What
will be "hot" in 2003?
Commodities could rise, as stocks and the dollar decline
By Mano Sabnani, Business and Financial Consultant
First published in TODAY
25-26 Jan 2003
Just when most
investors thought inflation is well and truly defeated and nearly dead and that
precious metals and commodities will not see another heyday for a long time
to come, they could be proven wrong.2003 could be the year to turn investor
logic on its head again, with a revival in inflation, higher interest rates
and a price surge in that long-neglected store of value, gold, as well as survival,
food-related physicals like wheat and soybean. Stocks could remain on the defensive
in most markets, with the US dollar in decline. Oil prices could stay high.
Is this an
alarmist view? Not really, if you consider the scenario now enveloping the world.
Take Japan,
once the engine of growth for Asia and boasting the most expensive stock and
property markets in the world in 1990. Today, twelve years later, the country
is still suffering the effects of the bursting of those two bubbles. Billions
have been lost in the deflationary spiral and there are no clear signs of a
sustained recovery for the economy and markets.
Northeast and
Southeast Asia (ex Japan and China) have been through five years of little or
no economic growth and financial market deflation, triggered by the financial
crisis of 1997/98. The seeming recovery of 1999 petered out in 2000, when it
was the turn of the United States to see its high-technology stock market bubble
burst. Asia followed, with only China and India able to withstand the US downturn
to varying degrees.
At the present
time, Asia (ex-Japan and China) appears ready to look up to a rebound, having
partially overcome the over-borrowing-and-over-spending habits which triggered
the 1997 crisis. But it needs an engine to get going and neither Japan nor the
US is not ready to provide that. For the US, it is still paying the price of
ten years of good growth, from the Gulf War in early 2001 to April 2000, when
the Nasdaq market peaked. The current US consolidation
could have a year or two to go, before it enters a sustainable recovery.
A lot depends
on how the US deals with its problems, especially the threat of terrorism and
the crises over Iraq and North Korea. We will know in a few months but as it
stands now, the soothsayers of the markets are not optimistic.
Technical analysis
indicates a continuing equity bear market and a bull market in many commodities.
Higher predicted gold, crude oil and food-commodity prices suggest, in reverse
logic, a dragged-out conflict in the Middle East and, possibly, the US and its
allies failing in their war on international terrorism.

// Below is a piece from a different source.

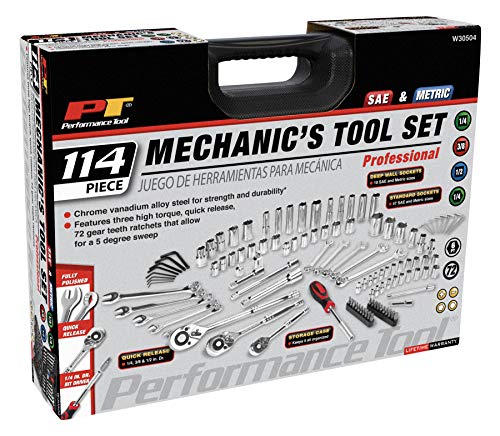 Performance Tool W30504 114-Piece Mechanic's Tool Set with Storage Case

In
this scenario, the US dollar will be in decline, even as interest rates rise
with inflation. Bonds will be in sharp retreat, as will interest rate futures.
The big-picture
theme seems to reflect a continuing shift from paper to physical markets in
2003, as "fundamentals" in the corporate world continue to be distrusted.

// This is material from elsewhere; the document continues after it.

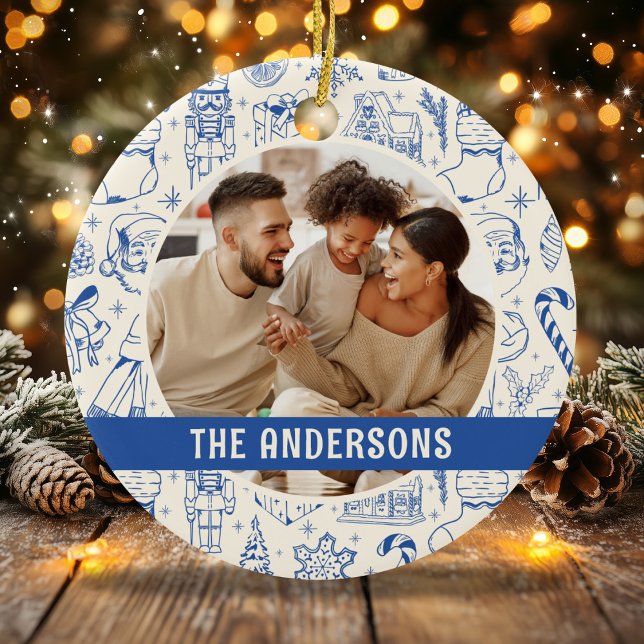 Adorno De Cerámica Navidades Blue Doodle Fotografía Familiar (Subido por el creador)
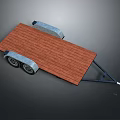 Flatbed Utility Trailer With Wooden Deck Metal Frame And Dual Wheels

Stocks are seen as offering plenty of tradable moves but there is hot debate
about the long-term price direction. There are those who think that the rallies
of July and October last year marked long-term bottoms. But hardly anyone predicts
a return to the one-way bull market days of the past decade. Most analysts see
a wide trading range market between the early 2000 peaks and the 2002 lows for
the next couple of years.
On the other
hand, some look at the rebounds of more than a 1000 points in the Dow Jones
Industrial Average (DJIA) from the 2002 lows as just bear market rallies or
pauses in a clear ongoing decline on the charts. These bears are still looking
for the capitulation or give-up effect that will take the US market much lower.

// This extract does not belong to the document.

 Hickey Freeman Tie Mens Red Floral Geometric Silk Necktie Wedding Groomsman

Equity futures could be hot in such a bear market and hedge funds could do well.
Given the weak
US stock market, huge trade deficits and another 50-point cut in the US Fed
funds rate last November to the lowest level in more than 40 years, the US does
not look its best in attracting capital inflows. So, US dollar weakness could
extend into 2003, pushing other currency values higher. Despite Japan's banking
and economic problems, the yen could advance against the greenback. Strength
is also forecast in the Euro, despite the European Union's problems with the
socialist labour and economic policies of its new eastern European members.
With the stock
market in a multi-year bear mode and the dollar in decline, commodity prices
are set to rise supported by long-term cyclical trends. Some analysts see a
financial panic in commodities this year, akin to what was seen in 1973-74,
one of the wildest periods in commodity price history partly triggered by a
major oil crisis. The fundamental argument for this is that a troubled world
will see value in moving out of the "toy" state that features spending
on excess items into the "survival" phase which focuses on food commodities
like wheat and soybean.
Back home in
Singapore and the region, our tiny markets will not escape the major global
trends, be it in stocks, commodities or currencies and interest rates. However,
as mentioned earlier, Asian markets are actually in the mood to rebound and
could decouple from the US trends at certain points in the year.
The Singapore stock market, in particular, could outperform the US as corporate
earnings recover, with some second-liners doing exceptionally well. But the
negatives that prevail could hold back any stunning rallies in the making. The
hollowing out of the market in recent years and the resultant institutional
disinterest is a problem, as is the absence of retail participation due to the
high brokerage rates for small transactions.